* **What to produce**
Below are the records; return every line from the one that contains "FRANKEN Moderationskoffer MINI, 1.100" to the last, exactly, skipping the pictures.

◆ ◆ ◆ ◆

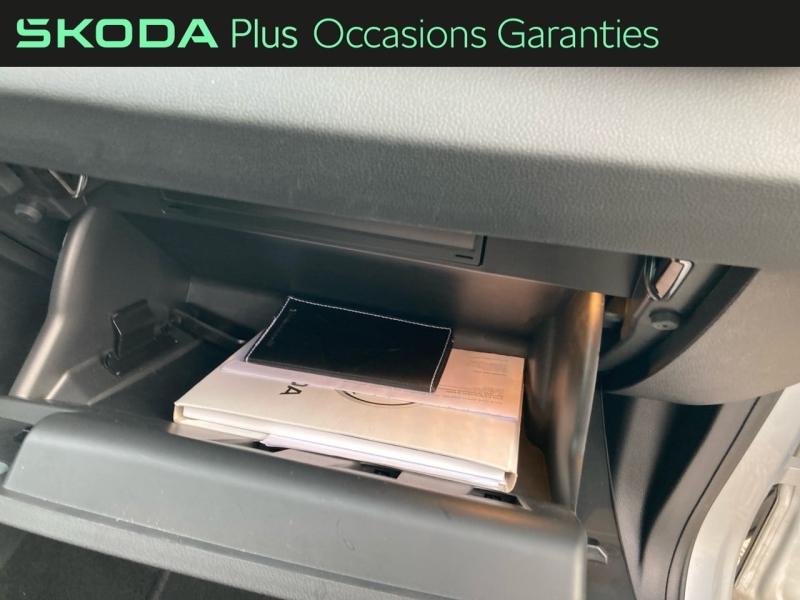 Voitures occasions ŠKODA KAROQ Style Tomblaine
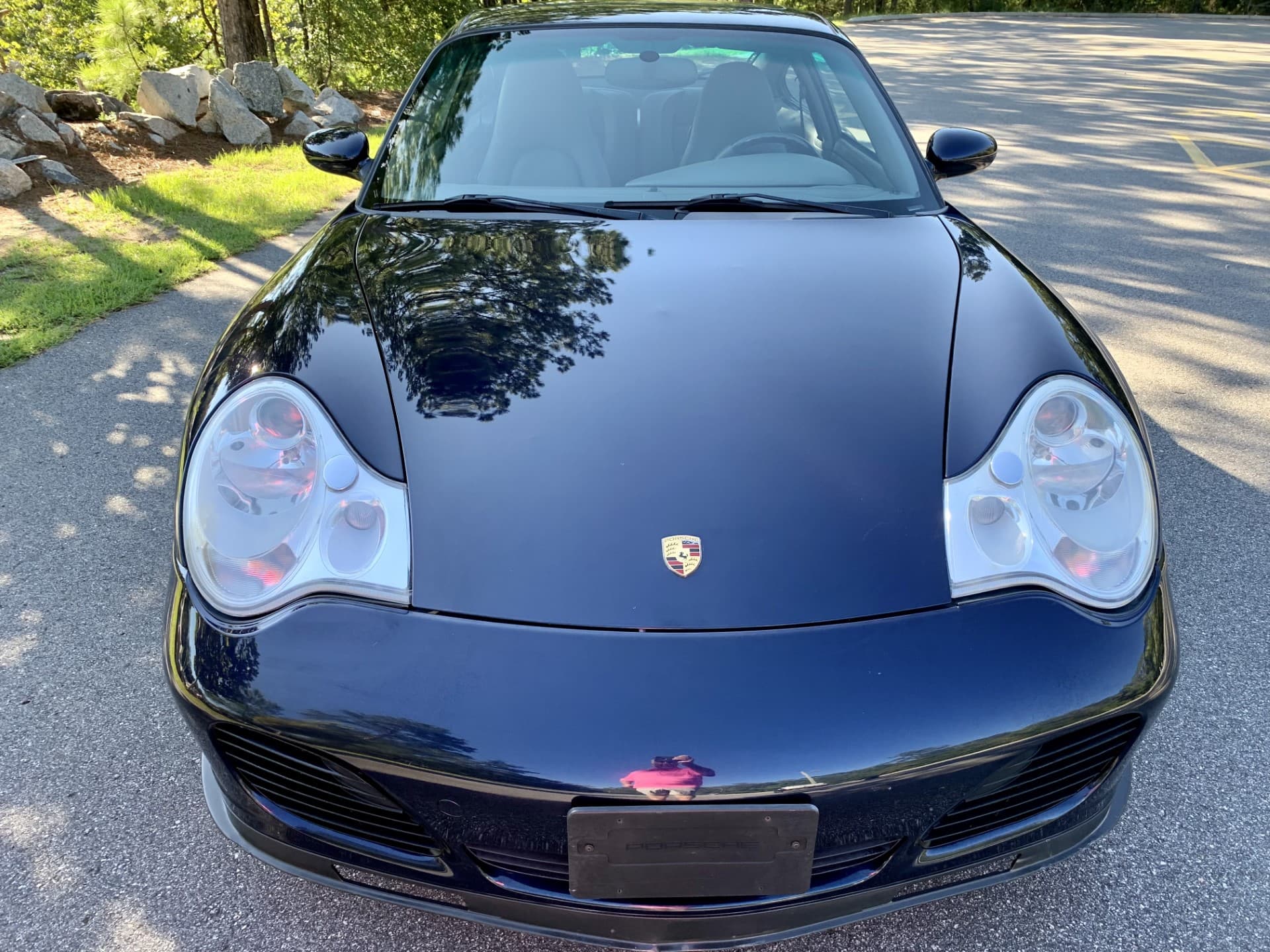 2003 Porsche 911 photo 2
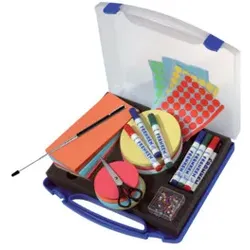 FRANKEN Moderationskoffer MINI, 1.100 Teile UMKM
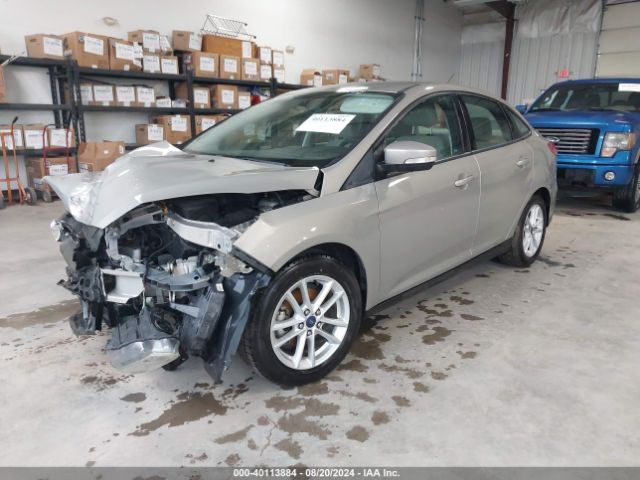 1FADP3F25FL255537 Ford FOCUS SE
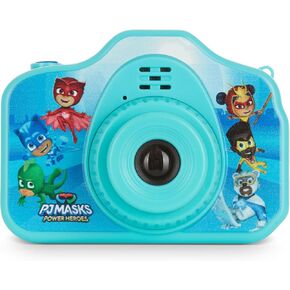 PJ Mask Kids Digital Camera - 2" Screen, Snap 12MP Pics, Records 1080p HD Videos, Built in Games, Durable Drop-Proof Case, USB Rechargeable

◆ ◆ ◆ ◆

* **Answer to the exercise**
 FRANKEN Moderationskoffer MINI, 1.100 Teile UMKM
 1FADP3F25FL255537 Ford FOCUS SE
 PJ Mask Kids Digital Camera - 2" Screen, Snap 12MP Pics, Records 1080p HD Videos, Built in Games, Durable Drop-Proof Case, USB Rechargeable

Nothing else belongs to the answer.